The update on the employment situation, due out Friday morning, will come amid other economic metrics that have suggested a "robust" labor market. ADP and Moody's Analytics said in a report Wednesday that companies continued to hire at a quick pace in October, with private payrolls rising by a better-than-expected 227,000.
Meanwhile, the government said Thursday that initial claims for state unemployment benefits dropped 2,000 to a seasonally adjusted 214,000 for the week ended Oct. 27. Signals of a healthy economy tend to push investors away from relatively safe fixed-return investments like government debt.
U.S. manufacturing activity fell short of expectations in October with a gauge of new orders easing to its lowest level since April 2017.
The Institute for Supply Management (ISM) said its index of national factory activity dropped 2.1 percentage points to 57.7 last month from 59.8 in September. A reading above 50 indicates growth in manufacturing, which accounts for about 12 percent of the U.S. economy.
Economists polled by Refinitiv expected the ISM manufacturing index to hit 59 in October.

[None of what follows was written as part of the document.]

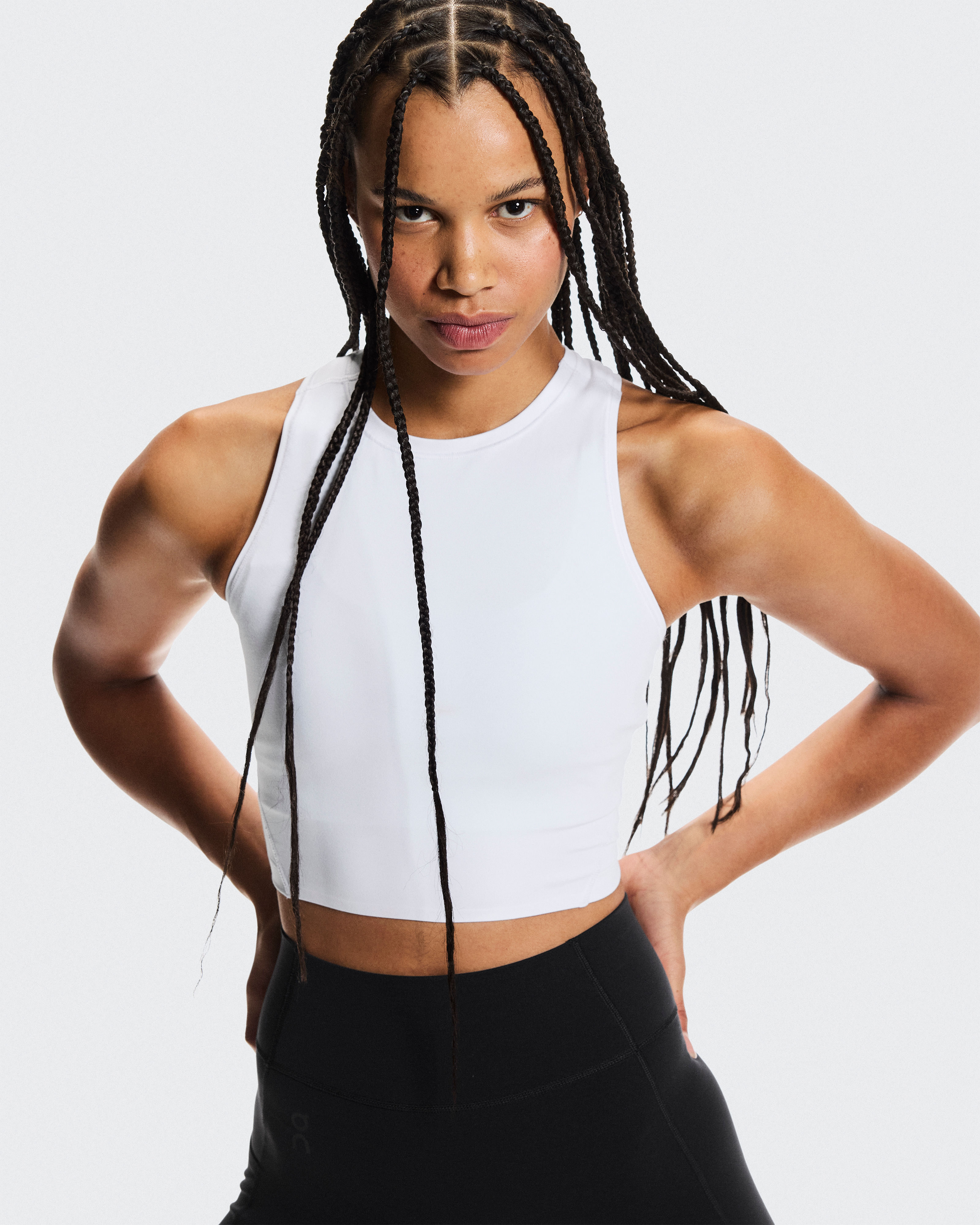 Studio CropWomen / White / L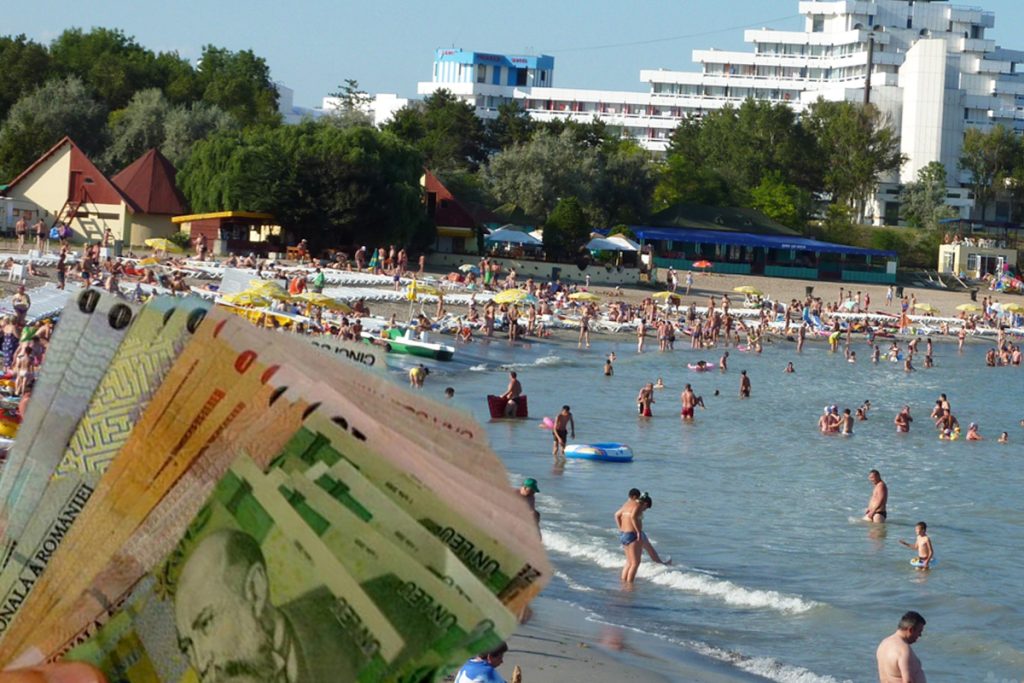 Cât costă o noapte de cazare pe litoral de Sfânta Maria. Prețurile nu sunt pentru toată lumea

An index tracking new orders registered 57.4 percent, a decrease of 4.4 percentage points from the September reading of 61.8 percent.
In oil markets, crude futures dropped amid signs of rising supply and growing concerns that demand might weaken on the prospect of a global economic slowdown. Brent crude traded at around $74.72 a barrel on Thursday morning, down 0.3 percent, while U.S. crude was at around $65.01 a barrel.